Brief descriptive captions:

--

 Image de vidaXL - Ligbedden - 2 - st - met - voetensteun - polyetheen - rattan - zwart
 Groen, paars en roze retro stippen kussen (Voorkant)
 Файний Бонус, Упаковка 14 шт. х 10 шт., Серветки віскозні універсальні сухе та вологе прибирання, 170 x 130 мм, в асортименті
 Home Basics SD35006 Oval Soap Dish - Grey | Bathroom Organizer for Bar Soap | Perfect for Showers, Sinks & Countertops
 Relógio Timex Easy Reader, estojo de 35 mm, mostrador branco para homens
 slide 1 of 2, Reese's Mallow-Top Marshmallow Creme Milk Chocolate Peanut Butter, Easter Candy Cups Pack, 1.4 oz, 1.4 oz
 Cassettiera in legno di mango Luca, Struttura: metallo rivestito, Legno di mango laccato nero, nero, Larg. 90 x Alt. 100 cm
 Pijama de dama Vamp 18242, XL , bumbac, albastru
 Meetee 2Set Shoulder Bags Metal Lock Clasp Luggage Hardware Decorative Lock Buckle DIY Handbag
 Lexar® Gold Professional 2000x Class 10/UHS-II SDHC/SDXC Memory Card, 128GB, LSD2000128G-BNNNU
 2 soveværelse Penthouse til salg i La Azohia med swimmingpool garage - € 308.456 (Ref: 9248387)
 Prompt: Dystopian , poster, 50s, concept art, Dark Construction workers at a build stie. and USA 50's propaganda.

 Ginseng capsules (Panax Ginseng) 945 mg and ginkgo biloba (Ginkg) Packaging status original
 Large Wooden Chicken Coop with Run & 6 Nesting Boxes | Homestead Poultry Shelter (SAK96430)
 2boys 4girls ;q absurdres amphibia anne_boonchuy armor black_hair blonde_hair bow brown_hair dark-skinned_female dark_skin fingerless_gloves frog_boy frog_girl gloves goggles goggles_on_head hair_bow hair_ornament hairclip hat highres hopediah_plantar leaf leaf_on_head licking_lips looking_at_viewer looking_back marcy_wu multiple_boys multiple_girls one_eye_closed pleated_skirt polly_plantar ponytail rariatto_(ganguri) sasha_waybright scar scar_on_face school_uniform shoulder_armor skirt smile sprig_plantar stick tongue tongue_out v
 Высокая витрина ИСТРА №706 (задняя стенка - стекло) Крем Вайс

--

Work item |
Reproduce every record above exactly.

Written response |
 Image de vidaXL - Ligbedden - 2 - st - met - voetensteun - polyetheen - rattan - zwart
 Groen, paars en roze retro stippen kussen (Voorkant)
 Файний Бонус, Упаковка 14 шт. х 10 шт., Серветки віскозні універсальні сухе та вологе прибирання, 170 x 130 мм, в асортименті
 Home Basics SD35006 Oval Soap Dish - Grey | Bathroom Organizer for Bar Soap | Perfect for Showers, Sinks & Countertops
 Relógio Timex Easy Reader, estojo de 35 mm, mostrador branco para homens
 slide 1 of 2, Reese's Mallow-Top Marshmallow Creme Milk Chocolate Peanut Butter, Easter Candy Cups Pack, 1.4 oz, 1.4 oz
 Cassettiera in legno di mango Luca, Struttura: metallo rivestito, Legno di mango laccato nero, nero, Larg. 90 x Alt. 100 cm
 Pijama de dama Vamp 18242, XL , bumbac, albastru
 Meetee 2Set Shoulder Bags Metal Lock Clasp Luggage Hardware Decorative Lock Buckle DIY Handbag
 Lexar® Gold Professional 2000x Class 10/UHS-II SDHC/SDXC Memory Card, 128GB, LSD2000128G-BNNNU
 2 soveværelse Penthouse til salg i La Azohia med swimmingpool garage - € 308.456 (Ref: 9248387)
 Prompt: Dystopian , poster, 50s, concept art, Dark Construction workers at a build stie. and USA 50's propaganda.

 Ginseng capsules (Panax Ginseng) 945 mg and ginkgo biloba (Ginkg) Packaging status original
 Large Wooden Chicken Coop with Run & 6 Nesting Boxes | Homestead Poultry Shelter (SAK96430)
 2boys 4girls ;q absurdres amphibia anne_boonchuy armor black_hair blonde_hair bow brown_hair dark-skinned_female dark_skin fingerless_gloves frog_boy frog_girl gloves goggles goggles_on_head hair_bow hair_ornament hairclip hat highres hopediah_plantar leaf leaf_on_head licking_lips looking_at_viewer looking_back marcy_wu multiple_boys multiple_girls one_eye_closed pleated_skirt polly_plantar ponytail rariatto_(ganguri) sasha_waybright scar scar_on_face school_uniform shoulder_armor skirt smile sprig_plantar stick tongue tongue_out v
 Высокая витрина ИСТРА №706 (задняя стенка - стекло) Крем Вайс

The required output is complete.